Encore candide, Ralph ne se sent guère à l’aise dans cette ambiance mondaine. Bien qu’elle ait un autre amant en titre, Mme Smithers n’est pas insensible au charme de Ralph. Ce qui ne plait pas à Mona, laquelle ne cache nullement son hostilité. À force de désillusions, la jeune femme se sent de moins en moins motivée. Mme Smithers ayant donné cent dollars à Ralph, celui-ci règle quelques dettes. Surtout la somme due à son épicier compréhensif, Abie Epstein. Sa protectrice a mis Ralph en contact avec un agent sérieux, Bergerman. Sans agressivité, le professionnel essaie de lui faire comprendre que Ralph n’a aucun avenir à Hollywood, que sa place est en Georgie. Je mourrai plutôt que de rentrer chez moi pense Ralph, toujours pas prêt à renoncer.

Mme Smithers l’invite dans un de ces bars fréquentés par le gratin d’Hollywood. Simple figurant, il ne se sent pas à sa place. Elle présente Ralph à un des meilleurs cinéastes du moment. Plus tard, ce dernier trouve un prétexte pour ne pas le recevoir. Employé dans la promo du cinéma, Johnny Hill sympathise avec Mona et Ralph. Hill n’est pas dupe du système hollywoodien. Il envisage d’écrire un livre dénonçant le mirage de l’industrie du cinéma. Sans vraiment réaliser, Ralph découvre les penchants masochistes de Mme Smithers. Alors que l’argent commence à manquer, Mona dégotte un job régulier, doublure d’une star. Dans le même temps, Dorothy s’évade de prison. Ralph peut compter sur l’épicier Abie pour lui prêter un peu de fric destiné à la fuite de Dorothy. Mais ils ont bientôt des ennuis avec la police…

 

Dans cet univers hollywoodien, où rien ne doit venir troubler le bizness, tout n’est qu’illusion. Des dizaines de milliers de jeunes américain(e)s ont voulu croire à leurs chances. Intoxiqués par les contes de fées médiatiques, ils ont imaginé devenir des stars. Puisque d’autres y sont parvenus, pourquoi pas moi ? Le pire étant, dans le cas de Ralph, qu’il n’y a pas de possible retour en arrière. Pour les siens en Georgie, il est déjà sur la voie du succès. Si bien des éléments ternissent ses espoirs, il n’a d’autre choix que de poursuivre dans l’impasse. S’il accepte la protection financière de Mme Smithers, c’est d’abord avec ingénuité, sans calcul, juste pour survivre en attendant. Il faut savourer la délicieuse scène où Ralph s’adresse à son miroir. Mona est bien plus pragmatique, Dorothy déjà plus désespérée.

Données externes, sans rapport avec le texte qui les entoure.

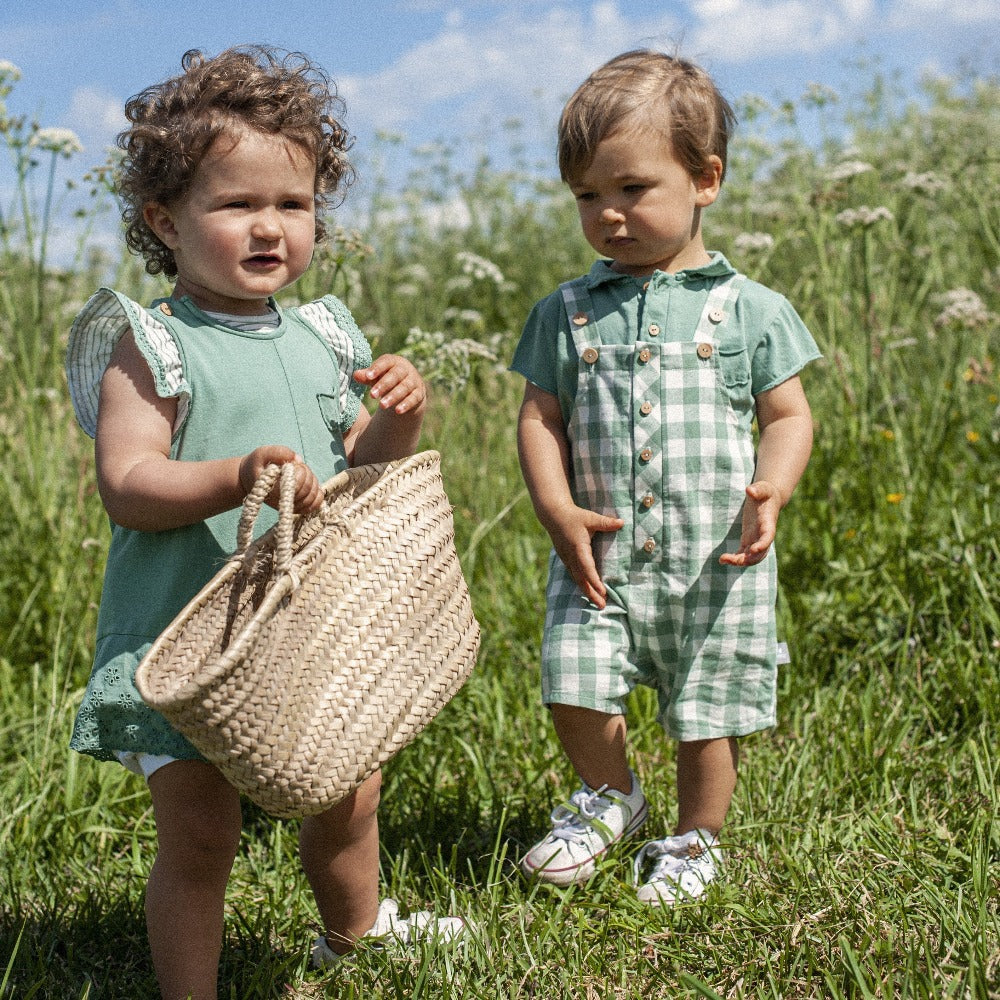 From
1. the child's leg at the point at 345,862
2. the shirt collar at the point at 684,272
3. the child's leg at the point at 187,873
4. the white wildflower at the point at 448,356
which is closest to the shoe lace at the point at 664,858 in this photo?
the child's leg at the point at 345,862

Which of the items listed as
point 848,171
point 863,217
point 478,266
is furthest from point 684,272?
point 478,266

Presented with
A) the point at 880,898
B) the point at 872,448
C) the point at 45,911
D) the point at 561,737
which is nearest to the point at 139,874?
the point at 45,911

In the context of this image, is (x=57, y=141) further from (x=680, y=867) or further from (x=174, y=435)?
(x=680, y=867)

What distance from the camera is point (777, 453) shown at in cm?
236

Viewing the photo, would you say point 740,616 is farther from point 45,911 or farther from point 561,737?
point 45,911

En outre, n’oublions pas le contexte historique, l’imminence de la guerre. C’est avec violence qu’Horace Mac Coy dénonce l’hypocrisie du monde du cinéma : Vous soutenez la ligue antinazie parce que, dans ce foutu patelin, tous les producteurs sont juifs et vous vous dites qu’ils vous prendront pour un héros, en tant que chrétien ayant épousé leur cause. Si tous les producteurs étaient nazis, vous seriez les premiers à commencer le pogrom. Le personnage rebelle de Johnny Hill est quelque peu l’alter ego de l’auteur. Hill souligne la puissance exagérée des décideurs d’Hollywood : …il suffit de parler de syndicalisme ou d’organisation pour être classé comme rouge et mis sur la liste noire. J’ai assisté aux réunions de producteurs et je les ai entendus dicter leurs quatre volontés aux auteurs. Ils peuvent contraindre, intimider, et violer toutes les lois qu’ils veulent. Ils font les lois et ils possèdent les tribunaux. Est-ce qu’ils n’ont pas fait élire un gouverneur par le seul truc, aussi simple qu’astucieux, des soi-disant actualités ? Depuis, de Ronald Reagan à Arnold Schwarzenegger, le système a perduré.

Voilà un roman fascinant, intense, qui mériterait bien une réédition.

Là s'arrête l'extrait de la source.